[Data items]
━━━━

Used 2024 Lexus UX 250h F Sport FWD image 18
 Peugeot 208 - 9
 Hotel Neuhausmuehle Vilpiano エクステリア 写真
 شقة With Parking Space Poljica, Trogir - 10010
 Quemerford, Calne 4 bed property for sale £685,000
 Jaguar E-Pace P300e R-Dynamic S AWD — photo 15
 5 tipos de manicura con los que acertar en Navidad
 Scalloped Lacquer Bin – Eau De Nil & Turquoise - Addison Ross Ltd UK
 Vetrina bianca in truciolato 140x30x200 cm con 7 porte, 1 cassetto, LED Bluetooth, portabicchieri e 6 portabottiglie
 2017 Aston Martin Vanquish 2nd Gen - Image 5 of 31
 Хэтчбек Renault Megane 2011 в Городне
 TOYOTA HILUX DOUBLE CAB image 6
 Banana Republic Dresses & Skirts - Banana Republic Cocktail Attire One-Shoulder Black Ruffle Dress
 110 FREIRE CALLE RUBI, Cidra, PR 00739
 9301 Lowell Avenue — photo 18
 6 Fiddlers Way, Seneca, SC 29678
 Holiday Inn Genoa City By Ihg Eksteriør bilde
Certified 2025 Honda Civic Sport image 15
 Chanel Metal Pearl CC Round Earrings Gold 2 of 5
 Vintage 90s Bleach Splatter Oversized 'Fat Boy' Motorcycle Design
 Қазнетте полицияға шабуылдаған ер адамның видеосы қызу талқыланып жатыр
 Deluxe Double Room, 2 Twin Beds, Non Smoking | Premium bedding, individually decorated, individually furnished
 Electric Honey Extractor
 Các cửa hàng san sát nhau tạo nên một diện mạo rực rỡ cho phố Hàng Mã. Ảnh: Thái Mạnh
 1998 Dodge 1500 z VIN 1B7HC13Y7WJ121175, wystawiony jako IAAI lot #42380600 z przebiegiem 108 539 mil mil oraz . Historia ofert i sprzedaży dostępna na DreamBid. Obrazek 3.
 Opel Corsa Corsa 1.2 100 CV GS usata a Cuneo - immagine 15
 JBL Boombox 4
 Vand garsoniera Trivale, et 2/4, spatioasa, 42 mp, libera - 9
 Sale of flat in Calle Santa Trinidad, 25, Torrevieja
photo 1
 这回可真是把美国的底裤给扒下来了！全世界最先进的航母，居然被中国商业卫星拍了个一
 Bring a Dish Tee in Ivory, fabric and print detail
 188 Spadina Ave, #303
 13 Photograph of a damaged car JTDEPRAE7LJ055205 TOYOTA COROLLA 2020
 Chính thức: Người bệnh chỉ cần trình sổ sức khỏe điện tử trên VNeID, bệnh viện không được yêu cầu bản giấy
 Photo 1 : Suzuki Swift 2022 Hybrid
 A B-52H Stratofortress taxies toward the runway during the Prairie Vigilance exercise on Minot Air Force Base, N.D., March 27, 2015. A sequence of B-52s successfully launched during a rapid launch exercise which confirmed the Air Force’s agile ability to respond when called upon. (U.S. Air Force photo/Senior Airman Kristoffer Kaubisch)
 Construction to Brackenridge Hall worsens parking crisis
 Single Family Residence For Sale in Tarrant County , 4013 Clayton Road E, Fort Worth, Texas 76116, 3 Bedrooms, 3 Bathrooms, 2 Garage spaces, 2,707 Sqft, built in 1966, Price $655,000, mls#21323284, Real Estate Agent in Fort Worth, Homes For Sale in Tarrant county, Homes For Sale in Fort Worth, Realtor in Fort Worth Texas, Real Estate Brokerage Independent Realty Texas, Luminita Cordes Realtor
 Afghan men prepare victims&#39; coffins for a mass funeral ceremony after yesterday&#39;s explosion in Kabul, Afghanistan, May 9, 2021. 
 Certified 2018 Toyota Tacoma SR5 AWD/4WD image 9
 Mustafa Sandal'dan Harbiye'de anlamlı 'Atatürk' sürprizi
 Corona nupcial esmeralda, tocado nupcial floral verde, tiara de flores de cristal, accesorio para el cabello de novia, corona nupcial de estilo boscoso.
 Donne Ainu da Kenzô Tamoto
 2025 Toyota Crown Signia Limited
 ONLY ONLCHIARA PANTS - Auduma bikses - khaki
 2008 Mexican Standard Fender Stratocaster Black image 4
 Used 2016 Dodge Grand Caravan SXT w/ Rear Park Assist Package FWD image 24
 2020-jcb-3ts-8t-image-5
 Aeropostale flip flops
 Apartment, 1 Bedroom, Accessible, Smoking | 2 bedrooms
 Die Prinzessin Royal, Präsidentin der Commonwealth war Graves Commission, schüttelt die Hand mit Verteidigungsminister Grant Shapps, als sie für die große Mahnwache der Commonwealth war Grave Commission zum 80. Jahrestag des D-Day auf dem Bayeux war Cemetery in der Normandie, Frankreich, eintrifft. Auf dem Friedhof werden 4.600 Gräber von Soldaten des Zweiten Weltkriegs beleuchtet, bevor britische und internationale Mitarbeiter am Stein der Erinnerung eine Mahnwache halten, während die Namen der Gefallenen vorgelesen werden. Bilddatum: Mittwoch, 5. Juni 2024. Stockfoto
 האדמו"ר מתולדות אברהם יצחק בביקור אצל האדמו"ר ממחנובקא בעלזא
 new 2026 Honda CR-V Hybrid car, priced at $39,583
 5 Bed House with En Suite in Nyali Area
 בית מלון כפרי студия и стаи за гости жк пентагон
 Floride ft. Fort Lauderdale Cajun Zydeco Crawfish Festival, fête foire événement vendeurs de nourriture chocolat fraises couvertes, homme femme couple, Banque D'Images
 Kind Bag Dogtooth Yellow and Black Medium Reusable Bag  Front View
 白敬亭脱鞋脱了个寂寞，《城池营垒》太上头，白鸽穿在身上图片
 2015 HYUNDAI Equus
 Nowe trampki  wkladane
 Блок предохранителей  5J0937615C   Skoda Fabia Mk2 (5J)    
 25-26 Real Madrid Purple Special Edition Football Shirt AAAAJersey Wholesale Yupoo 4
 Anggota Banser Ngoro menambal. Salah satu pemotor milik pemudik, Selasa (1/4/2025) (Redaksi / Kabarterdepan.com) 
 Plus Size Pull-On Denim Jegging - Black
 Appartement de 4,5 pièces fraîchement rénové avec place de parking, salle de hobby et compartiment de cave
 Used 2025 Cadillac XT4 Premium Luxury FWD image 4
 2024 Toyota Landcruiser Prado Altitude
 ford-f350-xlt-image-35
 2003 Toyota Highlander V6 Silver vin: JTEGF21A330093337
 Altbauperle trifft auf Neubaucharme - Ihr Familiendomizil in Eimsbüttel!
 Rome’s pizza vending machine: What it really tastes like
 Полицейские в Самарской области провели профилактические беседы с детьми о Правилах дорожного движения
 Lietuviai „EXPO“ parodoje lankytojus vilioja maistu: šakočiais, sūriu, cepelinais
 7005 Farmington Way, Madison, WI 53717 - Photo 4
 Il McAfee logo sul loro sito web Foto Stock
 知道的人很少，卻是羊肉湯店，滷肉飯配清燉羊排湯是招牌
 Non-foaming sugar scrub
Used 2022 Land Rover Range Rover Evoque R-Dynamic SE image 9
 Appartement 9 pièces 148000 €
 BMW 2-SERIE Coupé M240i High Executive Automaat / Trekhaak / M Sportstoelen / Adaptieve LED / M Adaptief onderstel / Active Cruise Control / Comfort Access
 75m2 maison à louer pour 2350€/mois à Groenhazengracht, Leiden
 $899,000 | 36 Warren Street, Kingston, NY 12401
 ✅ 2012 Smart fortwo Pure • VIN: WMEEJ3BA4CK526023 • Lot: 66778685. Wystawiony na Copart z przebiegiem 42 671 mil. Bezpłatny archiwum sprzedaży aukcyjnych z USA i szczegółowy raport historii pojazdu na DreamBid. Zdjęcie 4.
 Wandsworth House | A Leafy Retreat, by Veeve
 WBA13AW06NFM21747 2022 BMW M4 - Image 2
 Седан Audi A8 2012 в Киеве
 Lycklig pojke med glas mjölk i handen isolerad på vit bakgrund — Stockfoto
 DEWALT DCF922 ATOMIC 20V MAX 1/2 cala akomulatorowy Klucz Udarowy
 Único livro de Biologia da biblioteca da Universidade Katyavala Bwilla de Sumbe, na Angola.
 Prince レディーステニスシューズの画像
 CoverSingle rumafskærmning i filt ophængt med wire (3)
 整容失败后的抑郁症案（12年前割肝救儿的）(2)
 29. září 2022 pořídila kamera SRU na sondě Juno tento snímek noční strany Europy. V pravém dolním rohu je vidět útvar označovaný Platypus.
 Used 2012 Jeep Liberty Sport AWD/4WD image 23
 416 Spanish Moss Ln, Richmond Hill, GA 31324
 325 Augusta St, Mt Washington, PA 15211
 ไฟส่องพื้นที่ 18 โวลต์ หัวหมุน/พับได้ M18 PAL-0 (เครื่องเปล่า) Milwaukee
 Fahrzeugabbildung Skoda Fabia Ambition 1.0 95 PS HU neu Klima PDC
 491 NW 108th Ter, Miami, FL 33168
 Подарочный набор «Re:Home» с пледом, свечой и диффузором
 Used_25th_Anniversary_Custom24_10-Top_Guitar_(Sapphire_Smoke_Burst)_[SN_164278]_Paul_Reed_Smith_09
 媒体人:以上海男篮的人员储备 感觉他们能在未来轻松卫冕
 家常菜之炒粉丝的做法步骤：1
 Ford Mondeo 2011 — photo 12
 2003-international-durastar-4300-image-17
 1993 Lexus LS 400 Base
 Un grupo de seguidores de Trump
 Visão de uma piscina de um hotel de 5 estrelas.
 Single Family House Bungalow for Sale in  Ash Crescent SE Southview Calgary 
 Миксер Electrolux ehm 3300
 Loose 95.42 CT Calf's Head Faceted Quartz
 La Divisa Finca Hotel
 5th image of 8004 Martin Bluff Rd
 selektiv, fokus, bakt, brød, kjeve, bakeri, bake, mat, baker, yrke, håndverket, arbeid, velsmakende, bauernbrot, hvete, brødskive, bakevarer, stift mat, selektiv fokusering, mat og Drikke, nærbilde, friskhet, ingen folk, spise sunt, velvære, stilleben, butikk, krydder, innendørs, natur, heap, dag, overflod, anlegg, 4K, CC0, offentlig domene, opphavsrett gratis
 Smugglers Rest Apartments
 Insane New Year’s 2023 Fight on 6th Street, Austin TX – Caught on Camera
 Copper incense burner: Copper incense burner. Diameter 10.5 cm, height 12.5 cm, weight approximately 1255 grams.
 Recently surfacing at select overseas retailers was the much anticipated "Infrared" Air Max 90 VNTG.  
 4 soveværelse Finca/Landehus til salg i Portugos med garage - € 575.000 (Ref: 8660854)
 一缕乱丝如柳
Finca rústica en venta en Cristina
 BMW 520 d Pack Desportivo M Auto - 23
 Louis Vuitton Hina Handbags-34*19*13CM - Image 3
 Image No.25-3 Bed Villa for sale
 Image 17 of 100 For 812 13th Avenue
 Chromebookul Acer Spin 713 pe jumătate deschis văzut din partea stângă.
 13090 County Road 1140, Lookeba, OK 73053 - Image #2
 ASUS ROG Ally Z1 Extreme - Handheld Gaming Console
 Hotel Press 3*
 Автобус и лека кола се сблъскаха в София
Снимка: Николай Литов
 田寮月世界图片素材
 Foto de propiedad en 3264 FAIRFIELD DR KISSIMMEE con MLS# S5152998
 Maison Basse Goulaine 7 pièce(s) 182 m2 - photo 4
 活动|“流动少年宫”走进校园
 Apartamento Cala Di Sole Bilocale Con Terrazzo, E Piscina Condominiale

━━━━

→ Problem details:
What lines of the data contain the string "Road"? List them.

→ Exercise response:
 Single Family Residence For Sale in Tarrant County , 4013 Clayton Road E, Fort Worth, Texas 76116, 3 Bedrooms, 3 Bathrooms, 2 Garage spaces, 2,707 Sqft, built in 1966, Price $655,000, mls#21323284, Real Estate Agent in Fort Worth, Homes For Sale in Tarrant county, Homes For Sale in Fort Worth, Realtor in Fort Worth Texas, Real Estate Brokerage Independent Realty Texas, Luminita Cordes Realtor
 13090 County Road 1140, Lookeba, OK 73053 - Image #2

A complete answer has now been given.